WHAT YOU ARE ASKED TO DO — Please give back the lines from the line containing "DDAMS24 - 1:24 Pink HQ Monaro Sealed Body" through the end of the listing below, exactly as written and without pictures.

= = = =

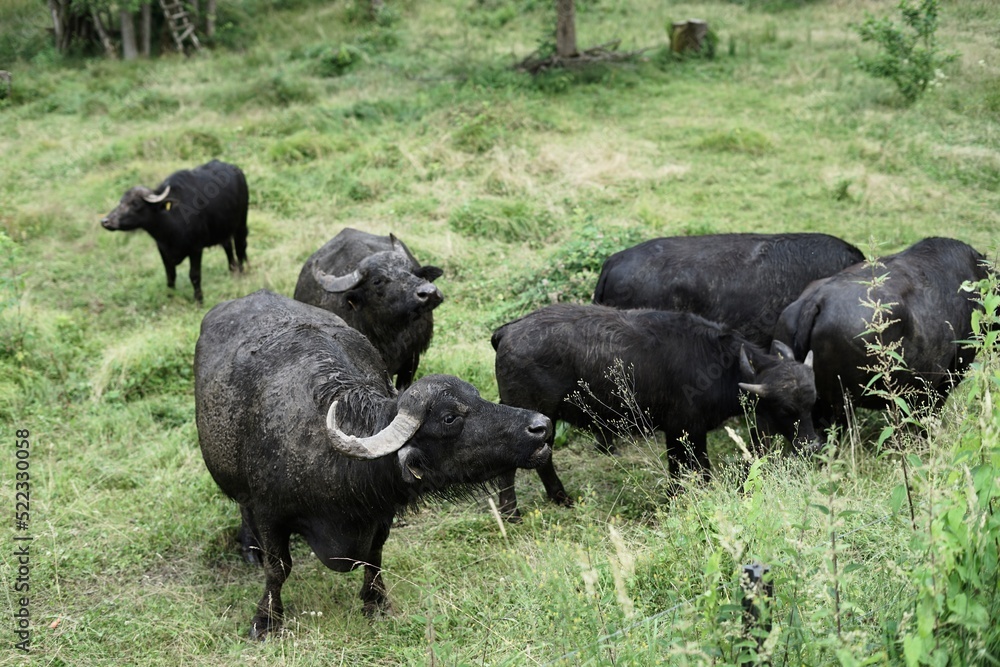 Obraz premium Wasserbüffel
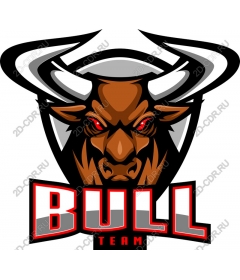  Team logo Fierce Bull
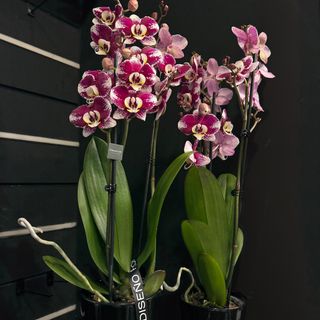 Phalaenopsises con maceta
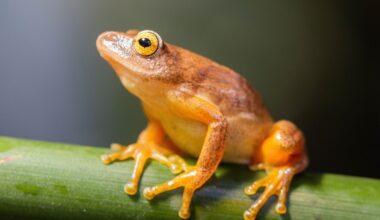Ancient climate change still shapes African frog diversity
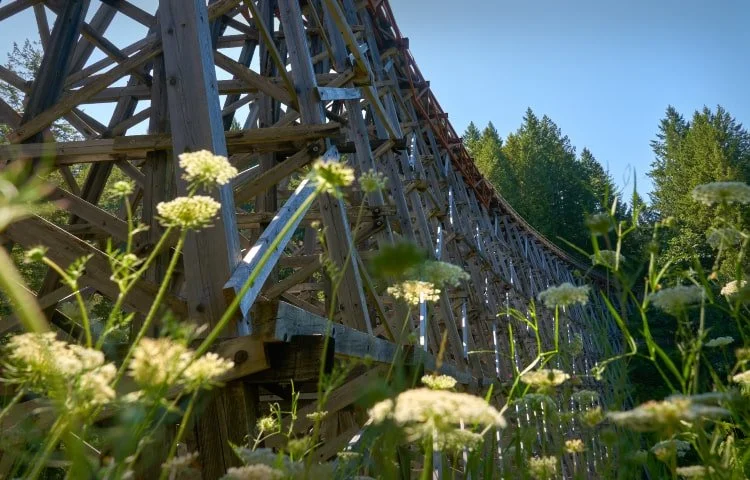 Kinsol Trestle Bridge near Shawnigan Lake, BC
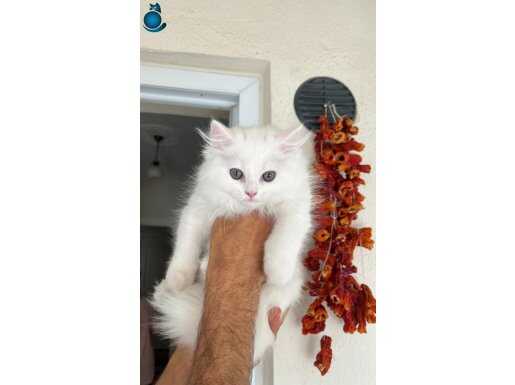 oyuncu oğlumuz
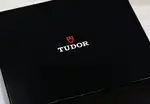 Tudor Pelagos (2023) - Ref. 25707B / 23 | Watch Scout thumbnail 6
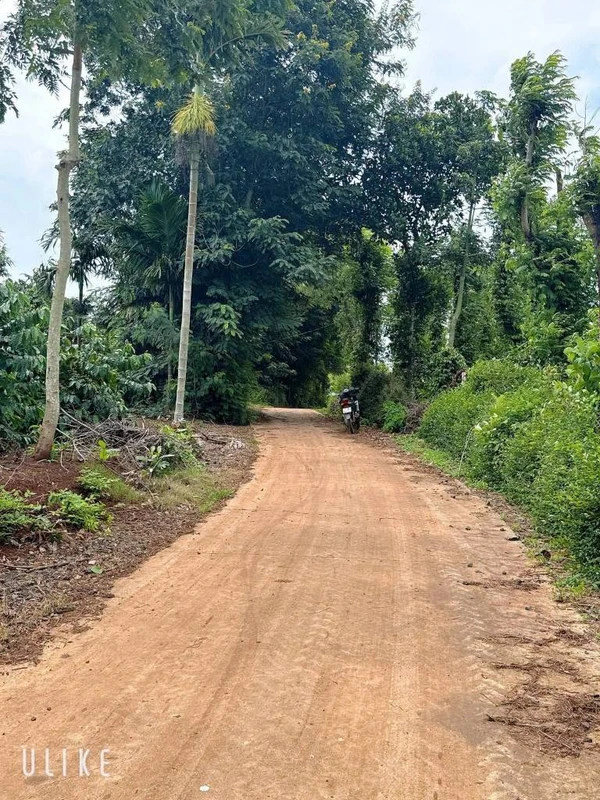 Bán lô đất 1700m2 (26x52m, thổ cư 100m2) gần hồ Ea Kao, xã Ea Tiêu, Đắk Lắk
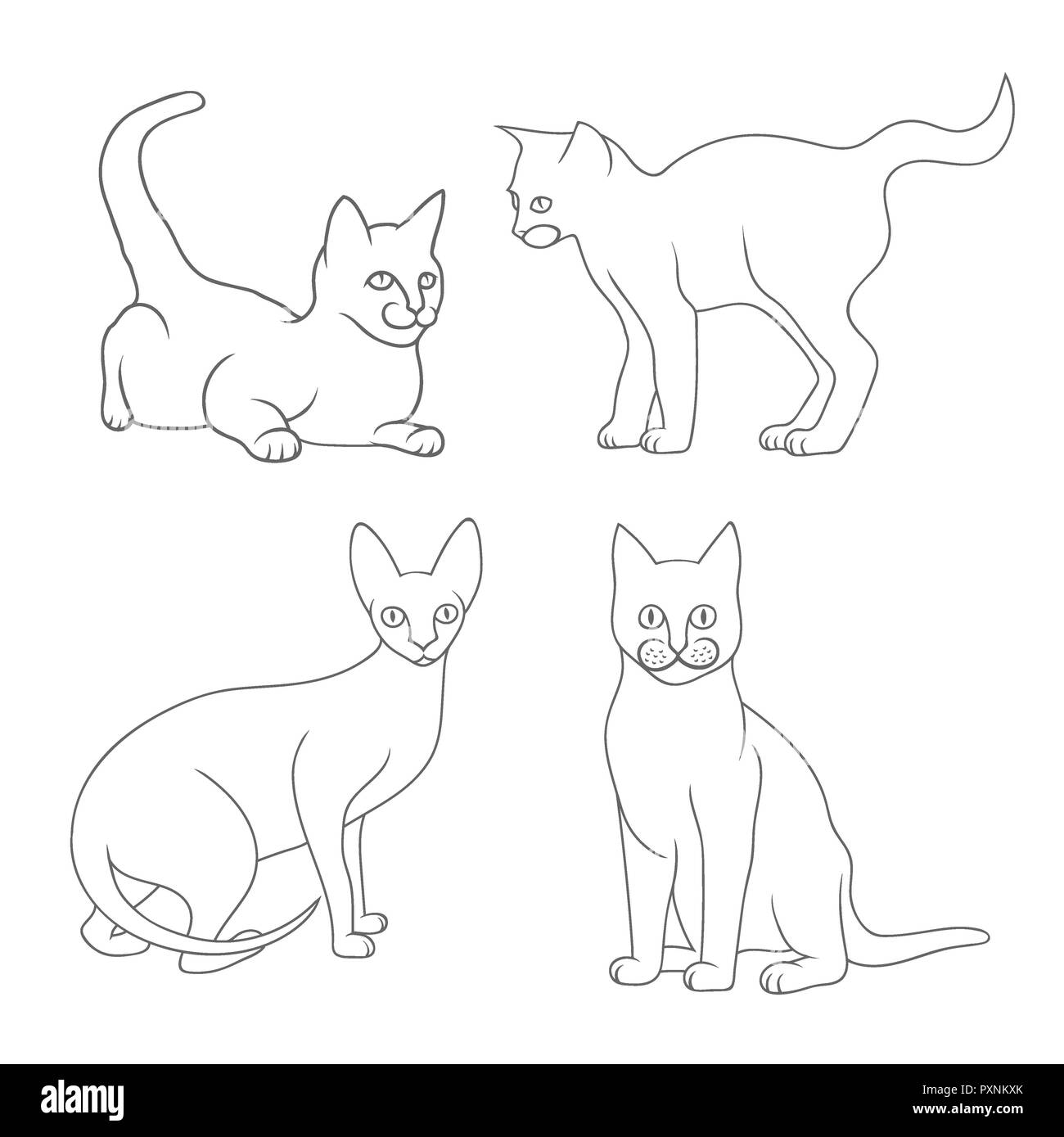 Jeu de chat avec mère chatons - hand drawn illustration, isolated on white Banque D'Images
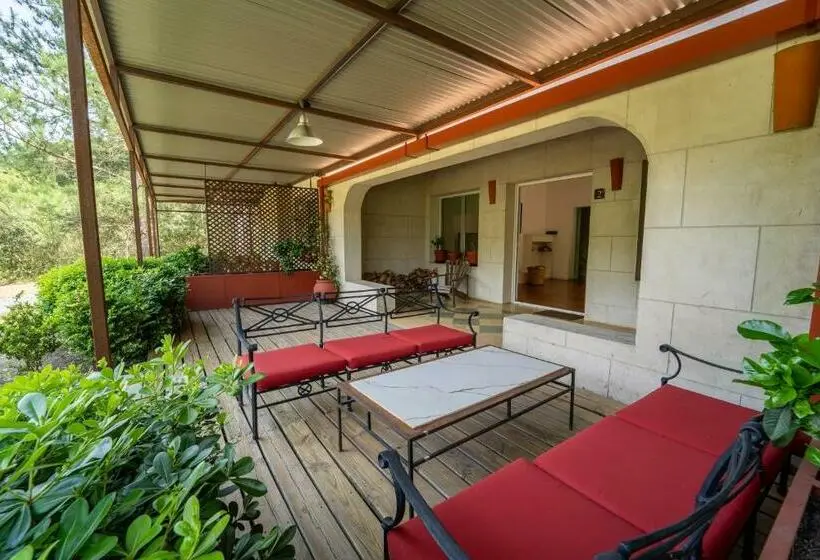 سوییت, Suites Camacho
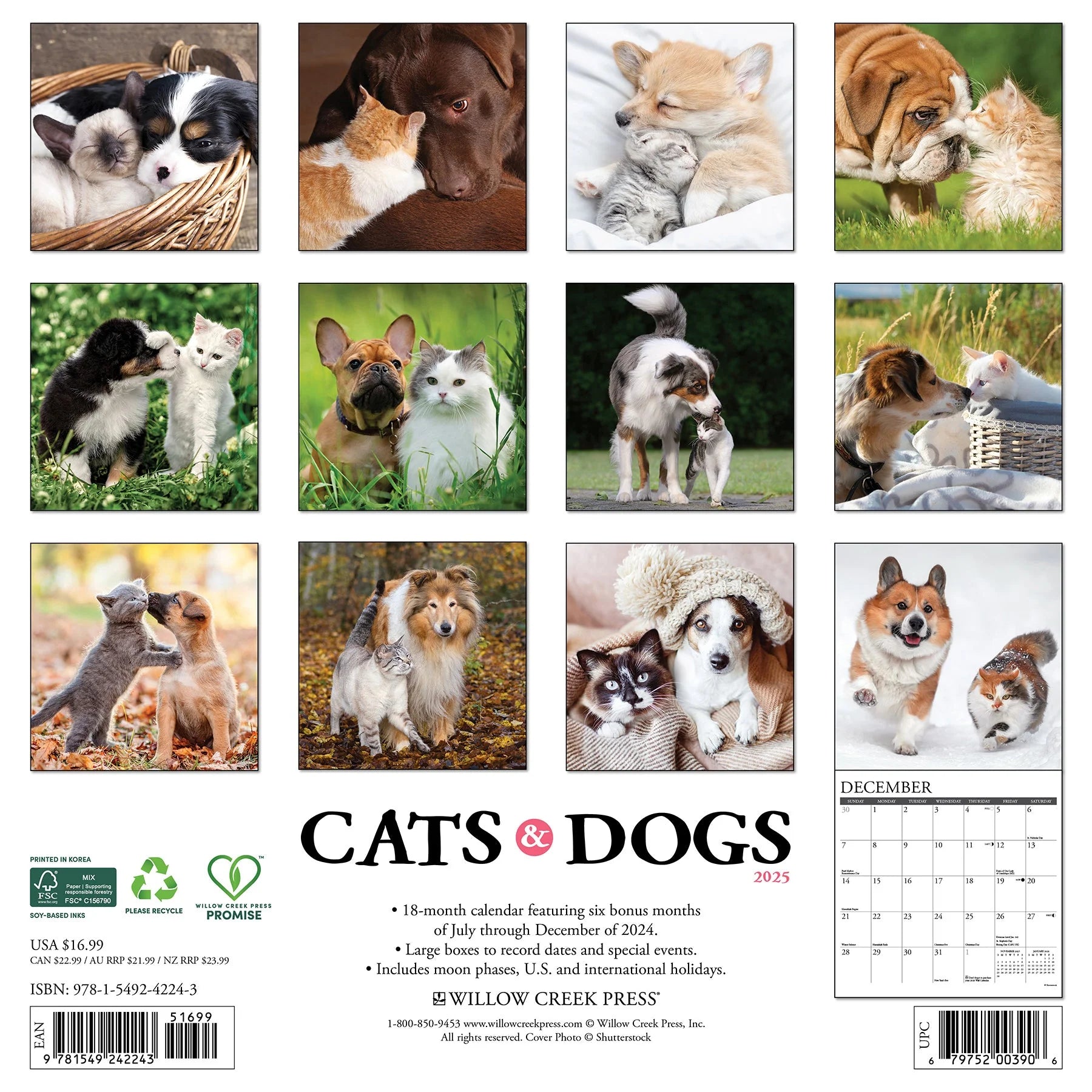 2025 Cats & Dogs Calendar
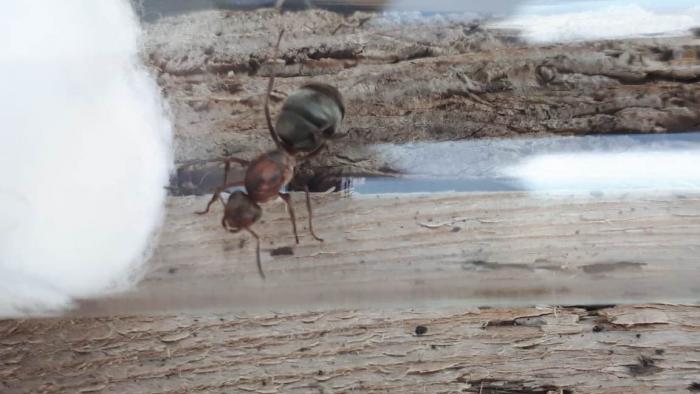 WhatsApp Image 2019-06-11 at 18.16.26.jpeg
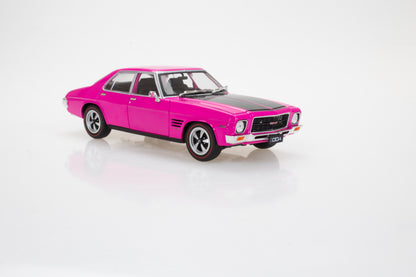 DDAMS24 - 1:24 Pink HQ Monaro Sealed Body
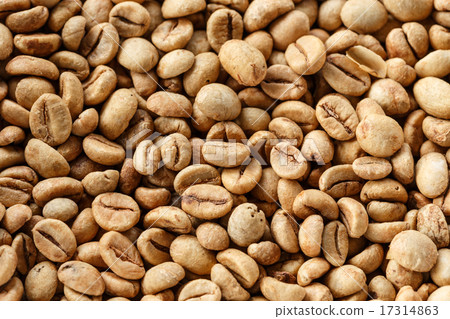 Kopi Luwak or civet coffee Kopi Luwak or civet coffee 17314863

= = = =

RESULT —
 DDAMS24 - 1:24 Pink HQ Monaro Sealed Body
 Kopi Luwak or civet coffee Kopi Luwak or civet coffee 17314863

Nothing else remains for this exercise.